WASHINGTON — The cost of President Barack Obama's economic recovery plan is now above $900 billion after the Senate added money for medical research and tax breaks for car purchases.
It could go higher Wednesday if a tax break for homebuyers is made more generous, even as centrists in both parties promise to clear away spending items that won't jump-start the economy right away.
In an interview on CNN, Obama signaled a willingness to drop items that "may not really stimulate the economy right now." He also signaled he'll try to remove "buy American" provisions in the legislation to avoid a possible trade war.
In a victory for auto manufacturers and dealers, Sen. Barbara Mikulski, D-Md., won a 71-26 vote to allow most car buyers to claim an income tax deduction for sales taxes paid on new autos and interest payments on car loans. The break would cost $11 billion over the coming decade but could mean savings of $1,500 on a $25,000 car.
"Just as we need to get the housing market going, we need to get auto sales going," said Sen. Debbie Stabenow, D-Mich.
Wednesday's session could produce even more generous savings for homebuyers.
Sen. Johnny Isakson, R-Ga., is pressing for a tax credit of up to $15,000 for everyone who buys a home this year, at a cost of $18.5 billion. The pending measure would award a $7,500 tax credit only to first-time homebuyers.
At the same time, centrist senators, including Ben Nelson, D-Neb., and Susan Collins, R-Maine, are seeking to cut tens of billions of dollars from the legislation. They're operating with the blessing of Democratic leaders, who hope a successful effort could attract some GOP votes for Obama's plan.

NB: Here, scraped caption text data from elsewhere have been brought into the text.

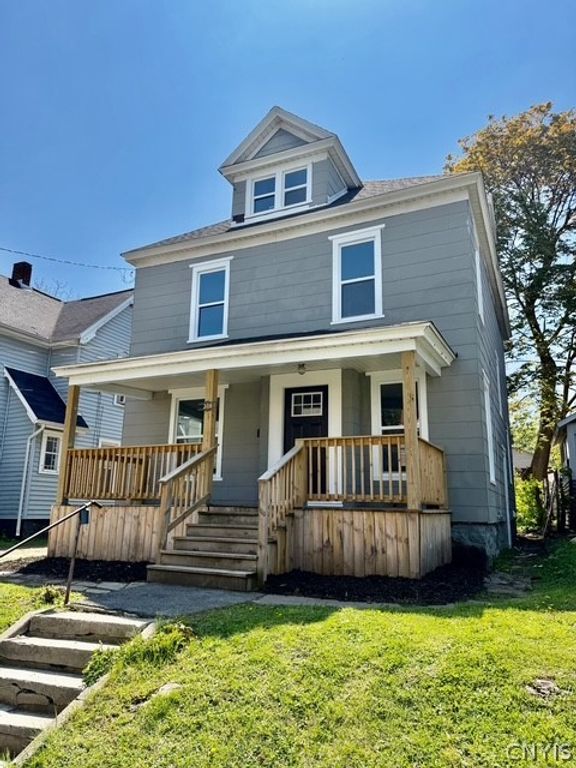 225 West Corning Avenue, Syracuse, NY 13205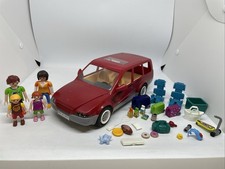 Playmobil 9421 family for sale  Fargo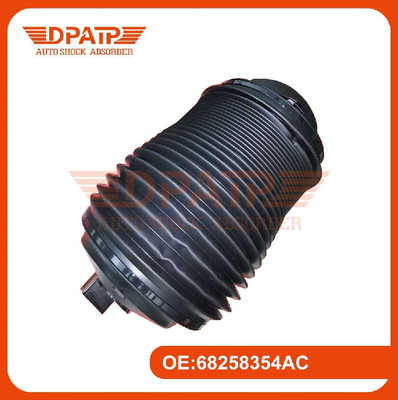 68258354AC Sac à ressorts de suspension aérienne pour Jeep Grand Cherokee 2017-2020 DPATP Parties de marque Air Bellows Parties de suspension pour voitures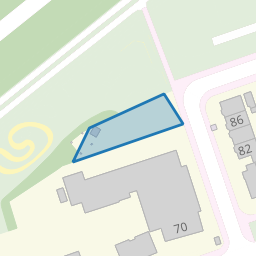 Perceel AHM01-M-5411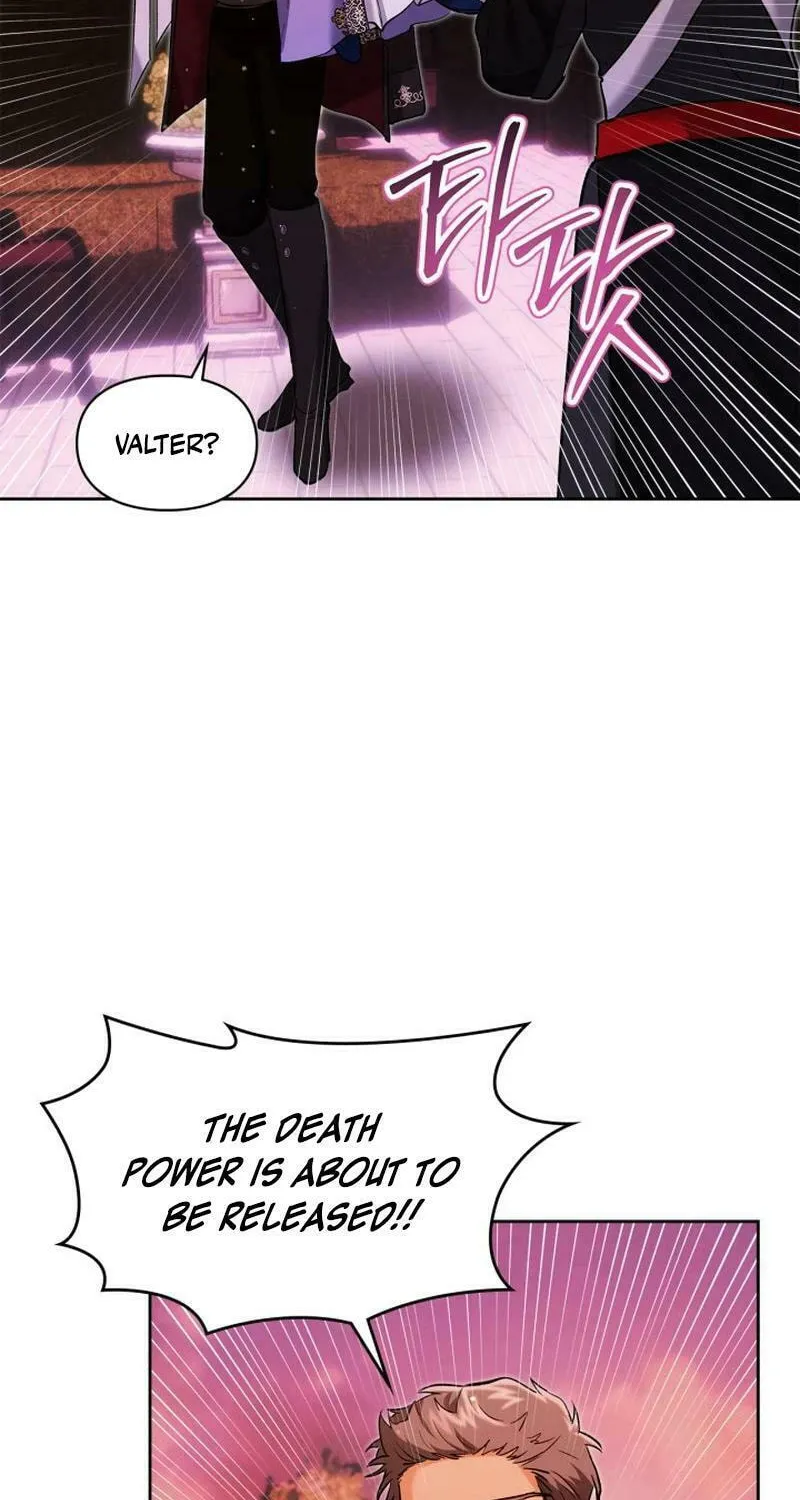 I Was the Real Owner of Elheim Chapter 31 page 44 - 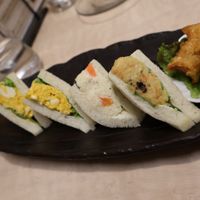   at MERCY Vegan Factory - Kyoto Station in Kyoto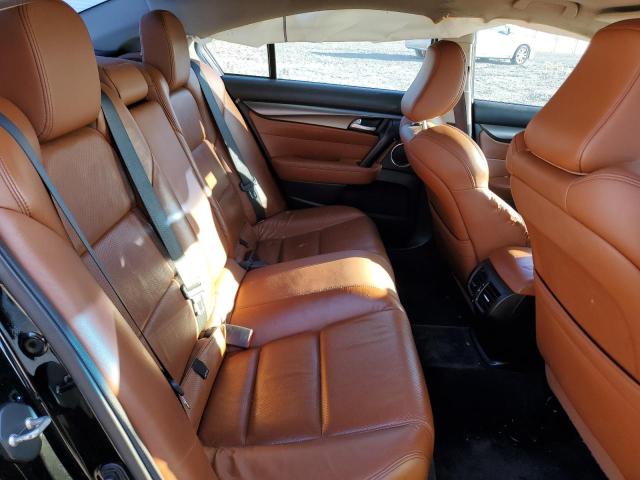 Photo 6 from auction – 2012 ACURA TL with VIN 19UUA9F5XCA012694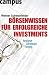 Börsenwissen für erfolgreiche Investments: Analyse, Strategie, Timing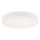 Azzardo AZ5081 - Himmennettävä LED-kattovalaisin MARCELLO LED/60W/230V valkoinen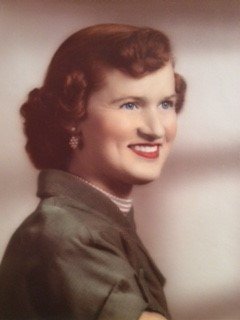Photo of Joyce Elizabeth Kerr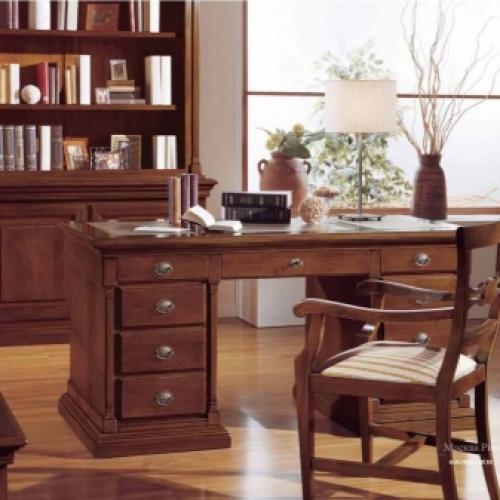 Толщина столешницы для письменного стола. Популярные модификации 17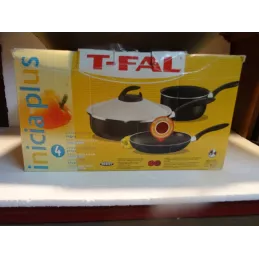 ENSEMBLE TEFAL  1 SAUTEUSE...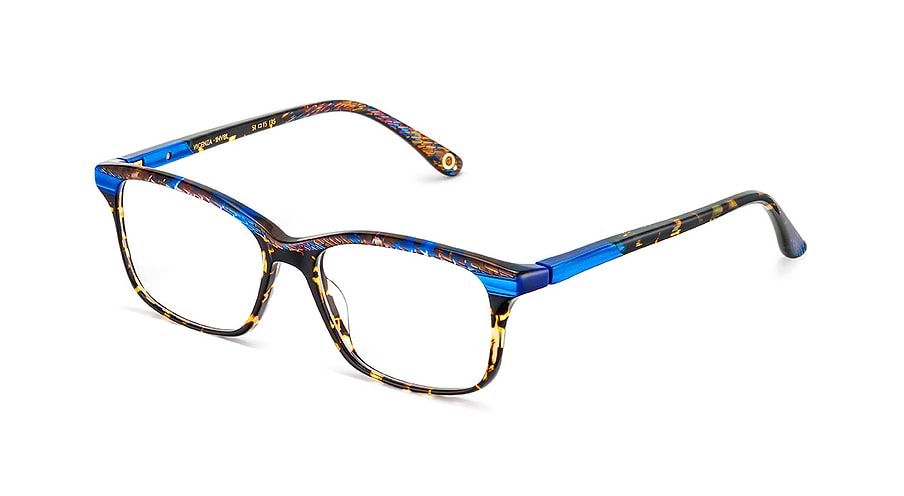 Prescription glasses etnia barcelona vicenza 22 hvbl femenino size 51mm - Main view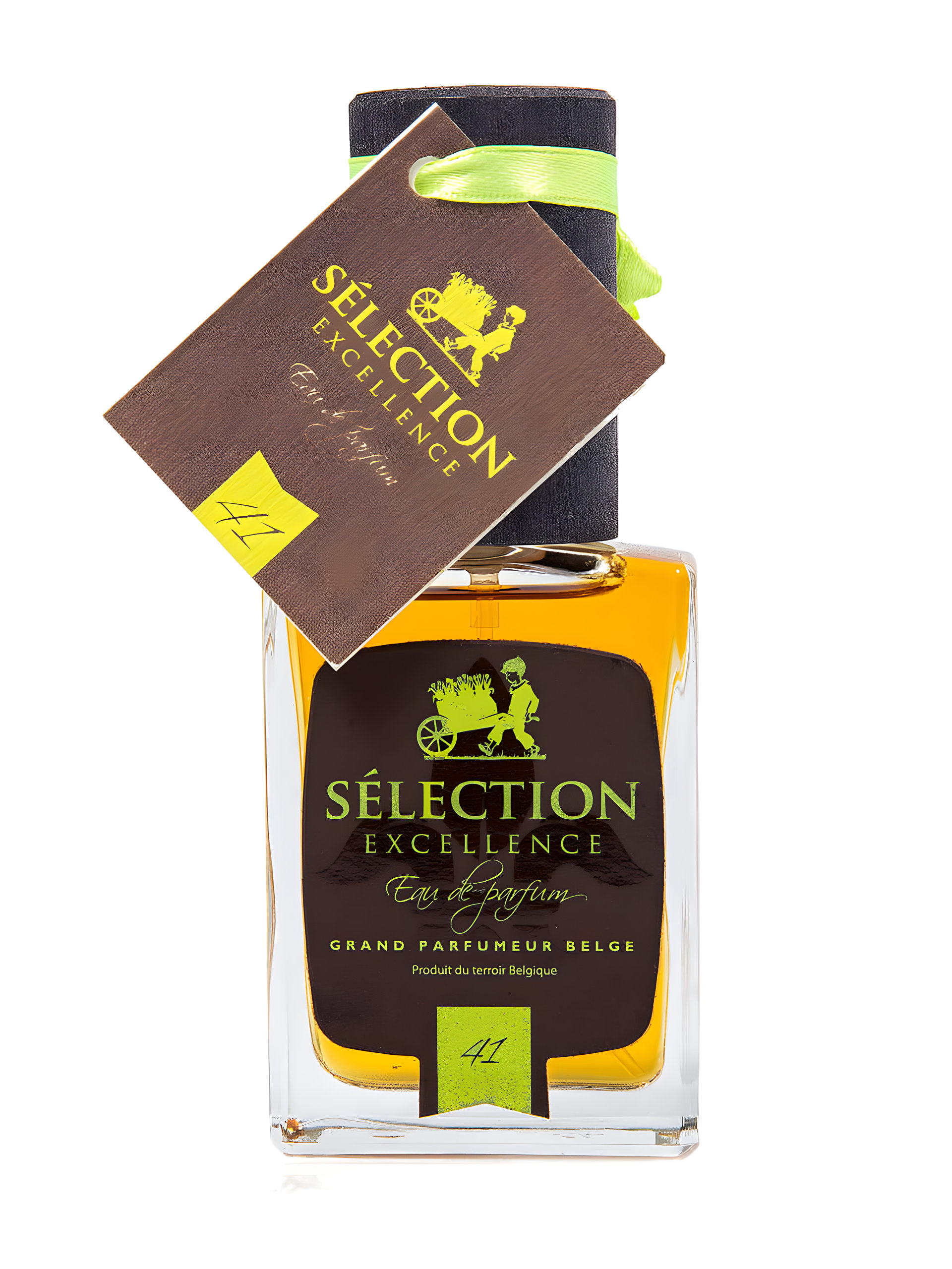 Picture of No. 41 fragrance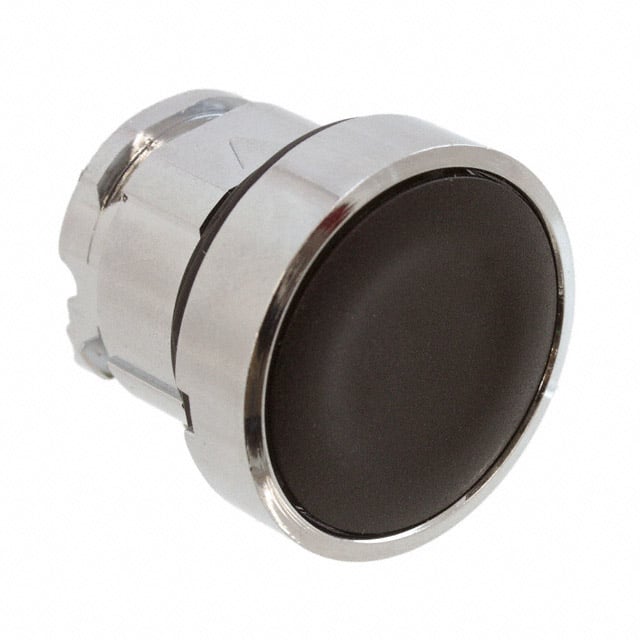24678127 BLK FLUSH SPR-22MM METAL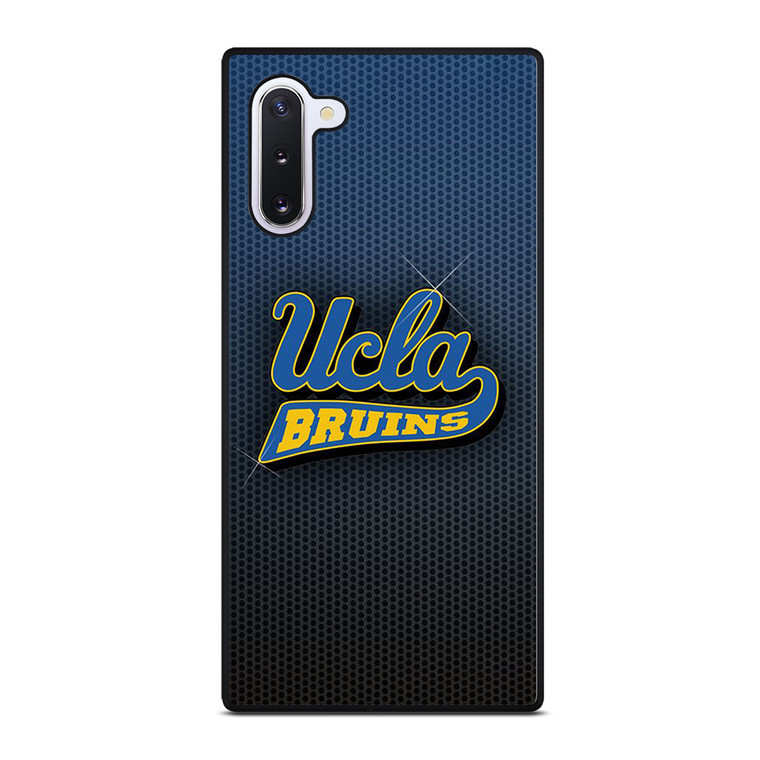 UCLA BRUINS ICON Samsung Galaxy Note 10 Case Cover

Democratic leaders conceded they may soon be obliged to cut billions of dollars from the measure. "It goes without saying if it's going to pass in the Senate, it has to be bipartisan," said Sen. Dick Durbin of Illinois, the second-ranking Democratic leader, adding that rank-and-file lawmakers in both parties want to reduce the cost of the bill.
In a series of skirmishes Tuesday, the Senate turned back a proposal to add $25 billion for public works projects and voted to remove a $246 million tax break for movie producers. Both moves were engineered by Republicans who are critical of the bill's size and voice skepticism of its ability to create jobs.
But several hours later, GOP conservatives didn't contest approval of a $6.5 billion increase in research funding for the politically popular National Institutes of Health. That amendment, by Tom Harkin, D-Iowa, drove the price tag of Obama's plan just above $900 billion.
Democratic leaders have pledged to have the bill ready for Obama's signature by mid-month, and in a round of network television interviews Tuesday, the president underscored the urgency. He told CNN that even three months ago, most economists would not have predicted the economy was "in as bad of a situation as we are in right now."
He also spoke out against efforts to require the use of domestic steel in construction projects envisioned in the bill, telling Fox News, "We can't send a protectionist message."
Mikulski's office put the cost of the automobile tax break she sponsored at $11 billion over 10 years. It would apply to the first $49,500 in the price of a new car purchased between last Nov. 12 and Dec. 31, 2009. Individuals with incomes of up to $125,000 and couples earnings as much as $250,000 could qualify, including those who do not itemize their deductions.
Republicans are expected to seek a vote later in the week on a plan to inject the government into the mortgage industry in an attempt to drive down interest rates on mortgages to as low as 4 percent. Democrats treaded carefully on the proposal, saying they would consider it but also claiming the $300 billion Republicans allocated would not come close to accommodating the demand.